Cryptocurrency investment products hit a record $4.4 billion inflow last week, led by Ethereum ETPs breaking 2024 totals amid Bitcoin’s rally past $120K, pushing total crypto assets over $220 billion.
Crypto exchange-traded products (ETPs) rallied strongly last week, attracting a record $4.4 billion in inflows, marking the 14th straight week of gains for the sector. This surge pushed the total assets under management (AUM) past a historic $220 billion, underscoring a powerful growth phase for cryptocurrency investments globally.
Bitcoin briefly soared beyond $122,000 midweek before easing to close near $120,000, reinforcing its dominance while driving investor enthusiasm. This dynamic market backdrop helped crypto ETPs reach year-to-date inflows totaling an unprecedented $27 billion, setting new performance standards for 2025.
Ether ETPs Outpace 2024 — Setting New Benchmarks
Ethereum-based products eclipsed expectations, with total inflows for 2025 already exceeding last year’s full-year $6.2 billion at a fresh $6.2 billion mark. The past week alone registered $2.12 billion inflows, more than double any previous record in the sector, signaling fierce investor confidence. Ethereum prices broke above $3,500 for the first time since early January, rebounding sharply from a low near $1,500 in April.

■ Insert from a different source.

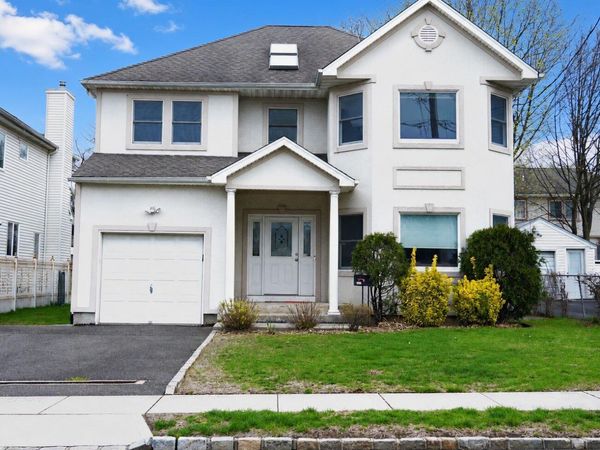 111 Fulton Avenue , Garden City Park, NY 11040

These inflows represent about 23% of Ethereum’s total AUM, a striking indicator of intense capital rotation toward ETH assets. Such momentum reflects a broader sentiment shift as investors expand beyond Bitcoin to capitalize on Ethereum’s evolving ecosystem and growing DeFi activity.
Bitcoin Resilience Amid Ether’s Ascendancy
Bitcoin ETPs maintained robust demand, accounting for approximately half of all crypto inflows last week with $2.2 billion entering Bitcoin-linked products. This resilience helped stabilize the market even as some altcoins experienced minor fluctuations.
While Ether’s explosion grabbed headlines, Bitcoin’s strategic role remains strong. It commanded 84% of the crypto ETP inflows during the first half of 2025, supporting its leadership in institutional portfolios.
Minor outflows affected certain U.S.-based issuers but overall liquidity and investment appetite in crypto markets remain vigorous. Leading funds like BlackRock’s iShares and Fidelity attracted billions, signaling sustained confidence from established financial institutions.